In light of the Supreme Court declining the petition for certiorari, the enablement standard articulated in Idenix remains the rule. Accordingly, the dispute over whether the enablement standard is too burdensome in biotechnology patent cases continues, and it remains to be seen whether the standard will be modified in the future in order to address concerns of stifling the development of novel compounds.
In the meantime, patent applicants should draft their specifications with this holding in mind: genus claims need to be supported as much as possible by concrete data in the specification, ideally limiting the amount of (even routine) experimentation necessary. This poses particular challenges for universities and smaller biotech companies who tend to file early. Conversely, patent challengers should be cognizant that enablement challenges to patents granted prior to Idenix may be subject to challenge under the Idenix rationale, and this could be a powerful tool in a potential defendant’s arsenal.

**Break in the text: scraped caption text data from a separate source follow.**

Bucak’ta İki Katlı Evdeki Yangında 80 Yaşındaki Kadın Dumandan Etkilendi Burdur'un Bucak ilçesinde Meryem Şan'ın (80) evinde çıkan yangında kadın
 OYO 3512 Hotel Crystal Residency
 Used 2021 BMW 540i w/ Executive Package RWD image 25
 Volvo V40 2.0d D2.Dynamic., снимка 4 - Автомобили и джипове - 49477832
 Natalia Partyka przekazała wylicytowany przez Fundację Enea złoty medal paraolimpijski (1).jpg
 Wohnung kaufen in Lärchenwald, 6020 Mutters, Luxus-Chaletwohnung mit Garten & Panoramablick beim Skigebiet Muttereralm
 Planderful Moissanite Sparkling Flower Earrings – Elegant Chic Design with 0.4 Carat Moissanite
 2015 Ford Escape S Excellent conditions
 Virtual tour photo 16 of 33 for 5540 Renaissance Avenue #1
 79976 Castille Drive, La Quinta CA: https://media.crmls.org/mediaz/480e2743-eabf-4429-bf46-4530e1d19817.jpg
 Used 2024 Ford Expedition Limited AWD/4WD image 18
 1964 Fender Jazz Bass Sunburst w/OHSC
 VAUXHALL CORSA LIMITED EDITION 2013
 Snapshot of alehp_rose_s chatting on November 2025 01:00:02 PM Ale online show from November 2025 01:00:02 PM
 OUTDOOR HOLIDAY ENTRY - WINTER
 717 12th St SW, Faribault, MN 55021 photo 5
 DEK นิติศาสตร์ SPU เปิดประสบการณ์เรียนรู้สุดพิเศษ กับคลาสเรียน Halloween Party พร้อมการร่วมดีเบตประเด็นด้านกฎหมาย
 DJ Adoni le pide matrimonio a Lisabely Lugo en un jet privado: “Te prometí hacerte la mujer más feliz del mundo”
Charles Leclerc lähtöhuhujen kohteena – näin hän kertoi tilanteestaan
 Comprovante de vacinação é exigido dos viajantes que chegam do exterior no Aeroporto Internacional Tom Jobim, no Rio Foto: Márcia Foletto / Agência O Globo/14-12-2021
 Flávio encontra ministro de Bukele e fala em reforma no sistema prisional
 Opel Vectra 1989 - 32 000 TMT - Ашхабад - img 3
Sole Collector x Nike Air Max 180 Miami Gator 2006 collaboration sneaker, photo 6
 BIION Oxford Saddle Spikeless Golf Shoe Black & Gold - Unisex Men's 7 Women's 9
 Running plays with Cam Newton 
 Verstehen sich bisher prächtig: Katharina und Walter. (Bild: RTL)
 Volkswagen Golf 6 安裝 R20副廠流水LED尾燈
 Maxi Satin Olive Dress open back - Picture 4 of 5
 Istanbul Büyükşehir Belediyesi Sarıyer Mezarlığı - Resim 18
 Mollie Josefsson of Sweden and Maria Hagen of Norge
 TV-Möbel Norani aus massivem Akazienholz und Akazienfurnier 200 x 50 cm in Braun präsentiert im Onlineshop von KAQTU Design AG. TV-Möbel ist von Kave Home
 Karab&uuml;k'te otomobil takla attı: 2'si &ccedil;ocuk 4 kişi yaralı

Illustrating this point, the strict enablement standard continues to have significant repercussions, as seen in the Amgen Inc. v. Sanofi case decided yesterday, February 11, 2021, where the Federal Circuit affirmed a Delaware federal judge’s finding that the claims of two Amgen patents were too broad to satisfy the enablement requirement. A Court held that it would have required undue experimentation to determine the bounds of the claims of Amgen’s patents, directed to its cholesterol medication Repatha. The Federal Circuit noted that the functional limitations were broad and the disclosed examples and guidance were minimal. As a result, substantial time and effort would be required to reach the full scope of claimed embodiments, with insufficient guidance given to a person skilled in the art to enable the full scope of the claims. Amgen, in response to the ruling, expressed concern: “patent protection is essential not only for Amgen but also for the entire biotechnology and pharmaceutical industry to make the significant investments required to discover and develop new innovative therapeutics that serve unmet patient needs.”